Haejoon Lee updated SPARK-49030:
--------------------------------
    Fix Version/s: 3.5.4
                       (was: 3.5.3)

> Self join of a CTE seems non-deterministic
> ------------------------------------------
>
>                 Key: SPARK-49030
>                 URL: https://issues.apache.org/jira/browse/SPARK-49030
>             Project: Spark
>          Issue Type: Bug
>          Components: SQL
>    Affects Versions: 4.0.0
>         Environment: Tested with Spark 3.4.1, 3.5.1, and 4.0.0-preview.
>            Reporter: Jihoon Son
>            Priority: Minor
>             Fix For: 3.5.4
>
>         Attachments: screenshot-1.png
>
>
> {code:java}
> WITH c AS (SELECT * FROM customer LIMIT 10)
> SELECT count(*)
> FROM c c1, c c2
> WHERE c1.c_customer_sk > c2.c_customer_sk{code}
> Suppose a self join query on a CTE such as the one above.
> Spark generates a physical plan like the one below for this query.
> {code:java}
> == Physical Plan ==
> AdaptiveSparkPlan isFinalPlan=false
> +- HashAggregate(keys=[], functions=[count(1)], output=[count(1)#194L])
>    +- HashAggregate(keys=[], functions=[partial_count(1)], 
> output=[count#233L])
>       +- Project
>          +- BroadcastNestedLoopJoin BuildRight, Inner, (c_customer_sk#0 > 
> c_customer_sk#214)
>             :- Filter isnotnull(c_customer_sk#0)
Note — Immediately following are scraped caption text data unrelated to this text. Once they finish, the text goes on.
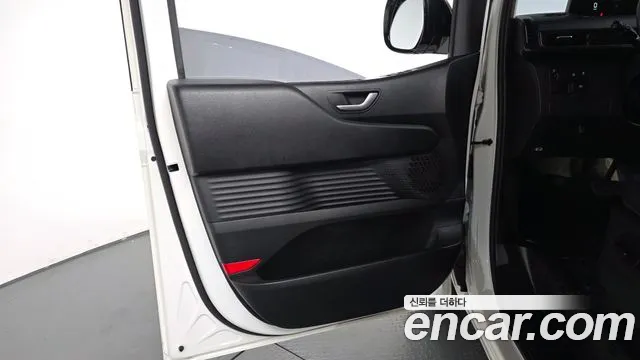 Hyundai Staria — фото 25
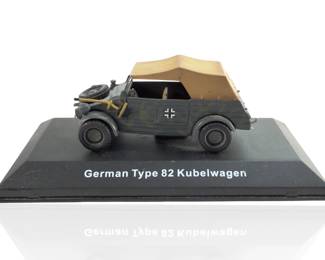 WWII German Kübelwagen Utility Car 1:43 Scale Plastic Model - Luftwaffe WL Plate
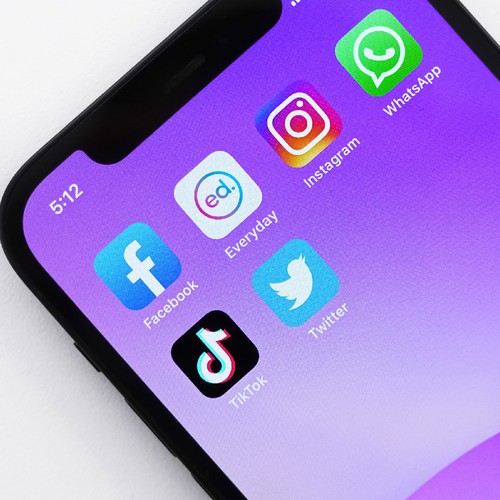 Design di 'every' one will want this... di Gary T.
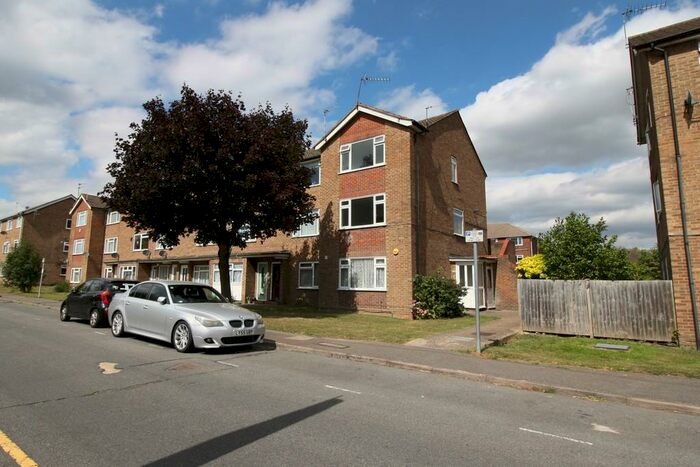 2 Bedroom Maisonette To Rent In Victoria Road, Ruislip, HA4
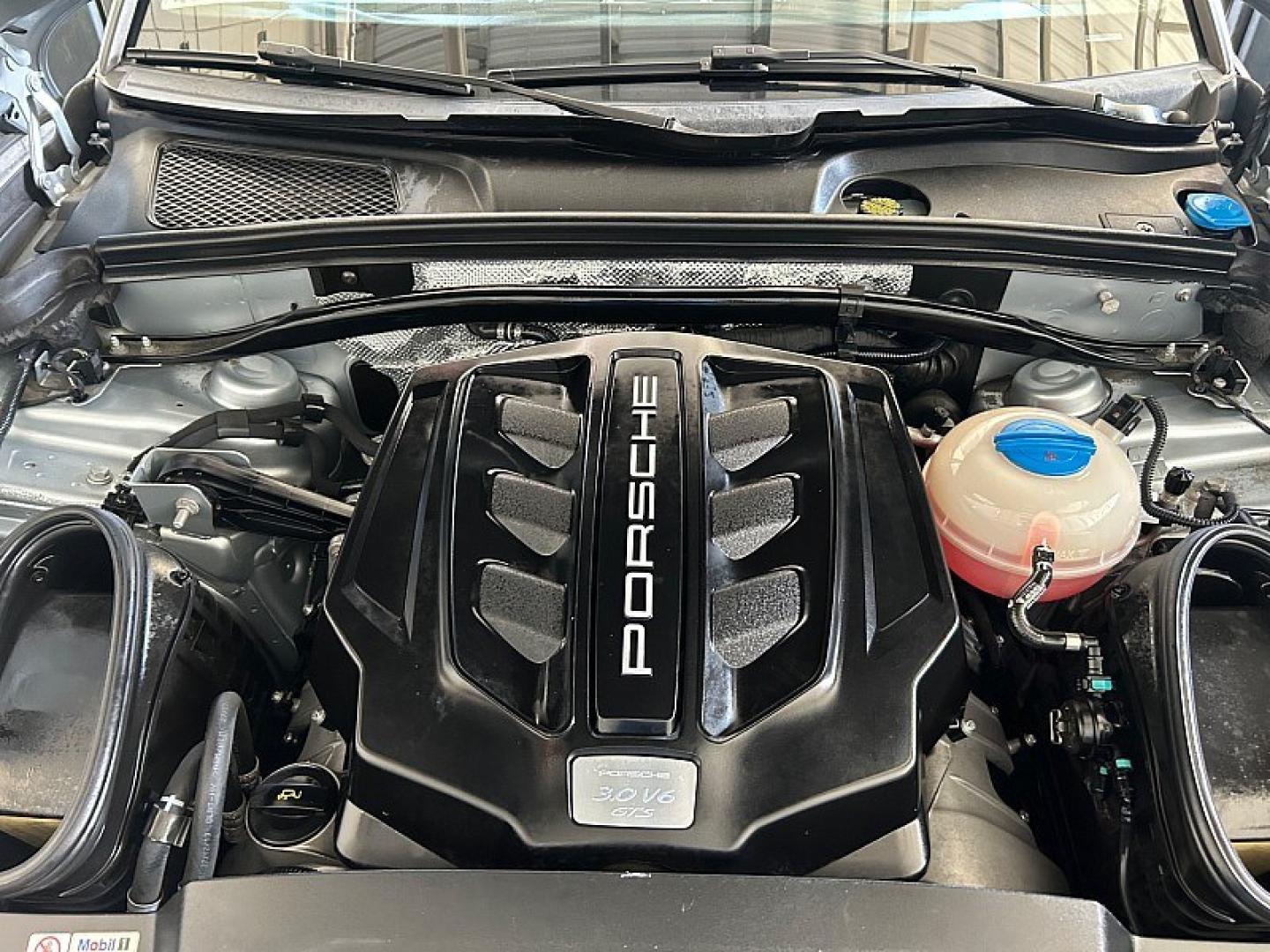 2018 SILVER Porsche Macan (WP1AG2A59JL) with an V6 Twin Turbo 3.0 Liter engine, Auto 7-Spd PDK Dbl-Cltch transmission, located at 412 Auto Vista Drive, Palmdale, 93551, (661) 945-0620, 34.592636, -118.136681- Photo#26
>             :  +- GlobalLimit 10, 0
>             :     +- Exchange SinglePartition, ENSURE_REQUIREMENTS, 
> [plan_id=256]
>             :        +- LocalLimit 10
>             :           +- FileScan parquet [c_customer_sk#0] Batched: true, 
> DataFilters: [], Format: Parquet, Location: InMemoryFileIndex(1 
> paths)[file:/some/path/customer], PartitionFilters: [], PushedFilters: [], 
> ReadSchema: struct<c_customer_sk:int>
>             +- BroadcastExchange IdentityBroadcastMode, [plan_id=263]
>                +- Filter isnotnull(c_customer_sk#214)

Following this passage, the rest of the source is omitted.